* **Given entries**:
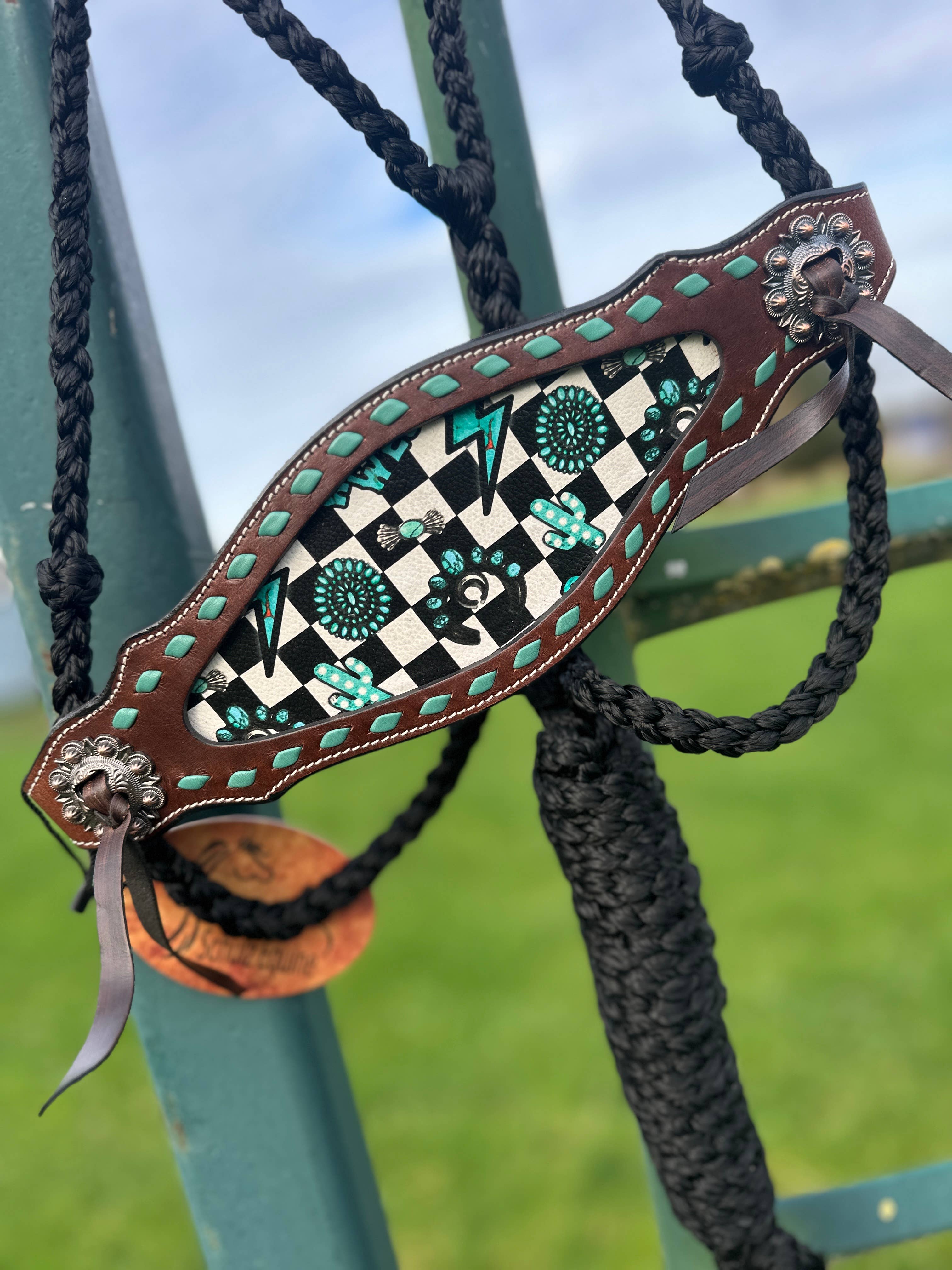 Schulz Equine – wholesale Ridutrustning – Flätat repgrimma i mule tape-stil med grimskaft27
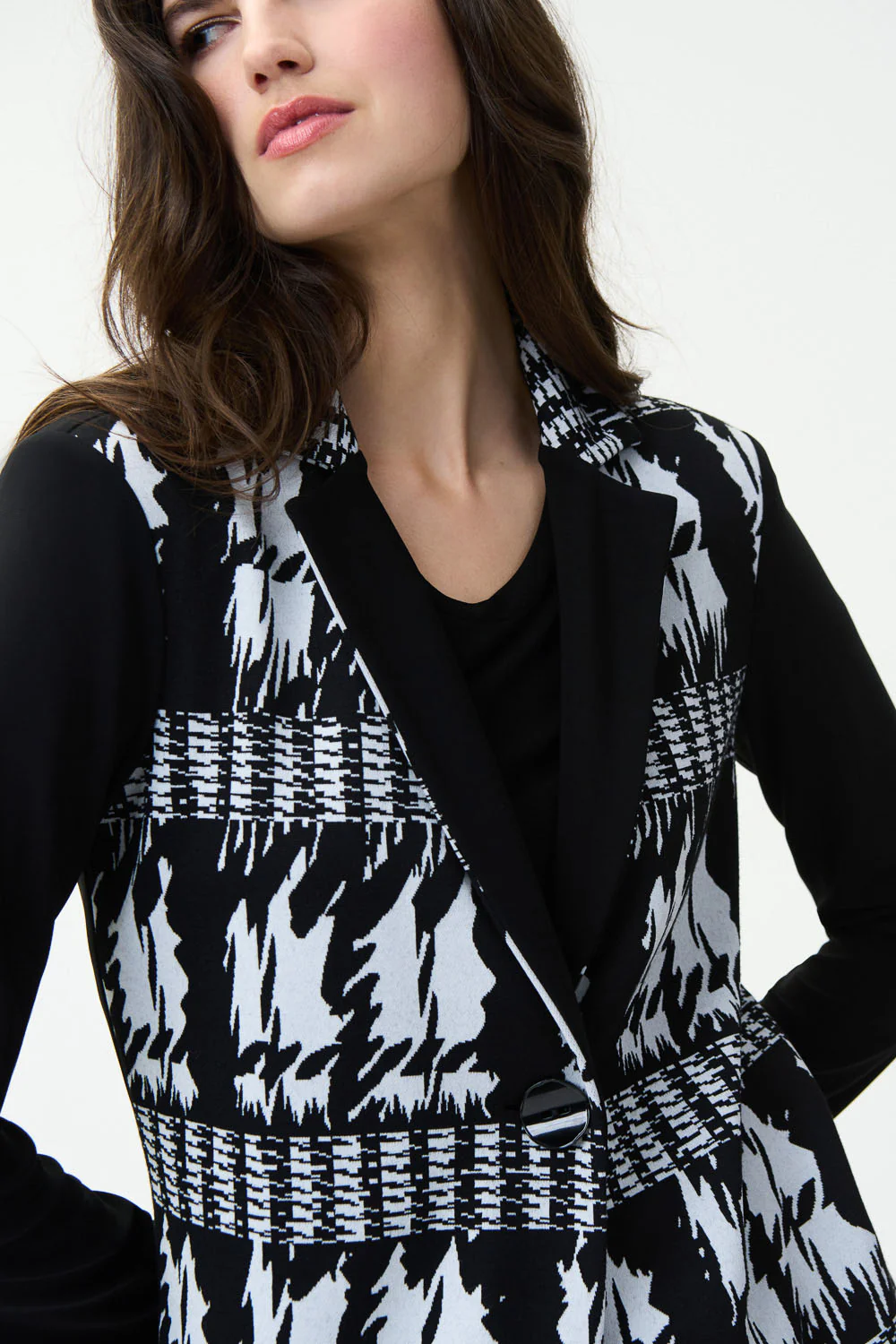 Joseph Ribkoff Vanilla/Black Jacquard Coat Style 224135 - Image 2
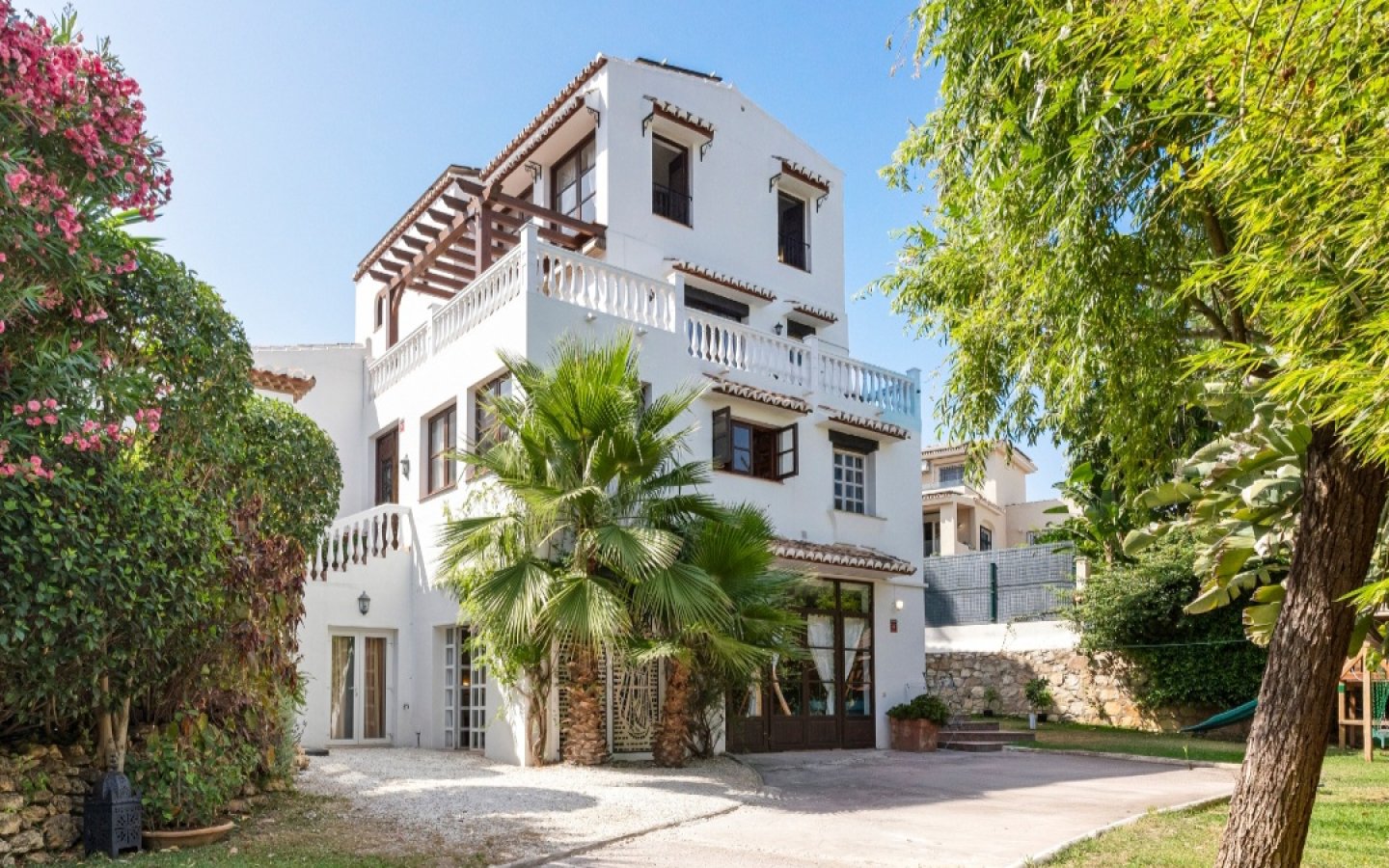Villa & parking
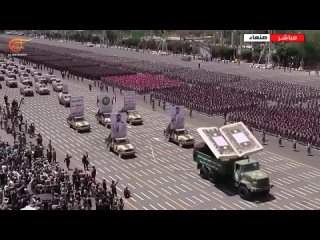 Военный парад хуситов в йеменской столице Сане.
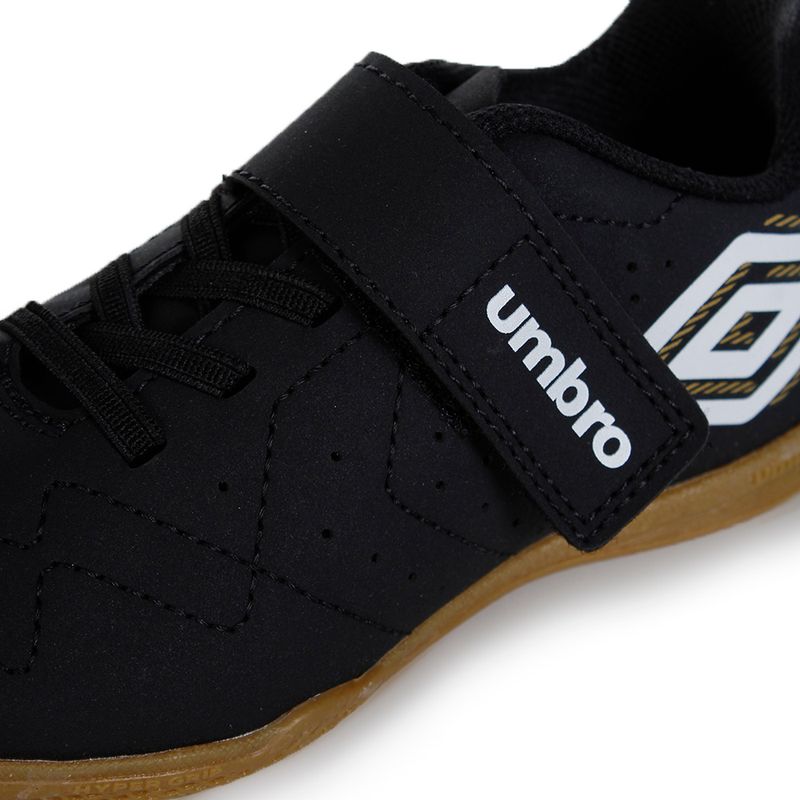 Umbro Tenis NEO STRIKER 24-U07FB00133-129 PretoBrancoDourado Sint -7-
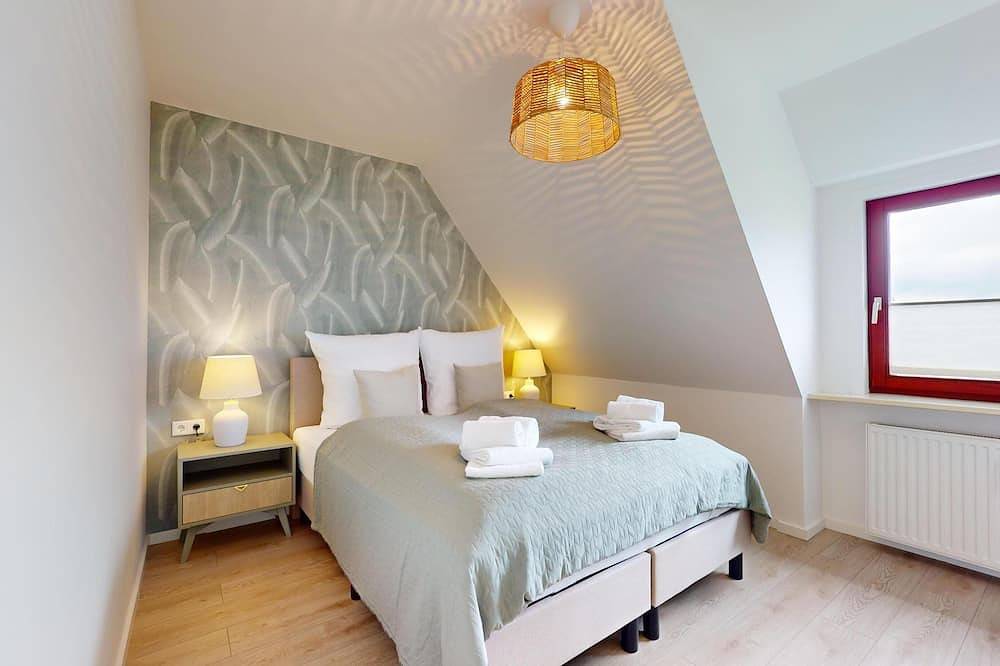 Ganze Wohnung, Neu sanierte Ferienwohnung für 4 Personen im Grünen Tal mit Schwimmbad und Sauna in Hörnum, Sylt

* **Assignment**: Transcribe all of the records exactly, without reproducing their pictures.

* **Expected answer**:
 Schulz Equine – wholesale Ridutrustning – Flätat repgrimma i mule tape-stil med grimskaft27
 Joseph Ribkoff Vanilla/Black Jacquard Coat Style 224135 - Image 2
Villa & parking
 Военный парад хуситов в йеменской столице Сане.
 Umbro Tenis NEO STRIKER 24-U07FB00133-129 PretoBrancoDourado Sint -7-
 Ganze Wohnung, Neu sanierte Ferienwohnung für 4 Personen im Grünen Tal mit Schwimmbad und Sauna in Hörnum, Sylt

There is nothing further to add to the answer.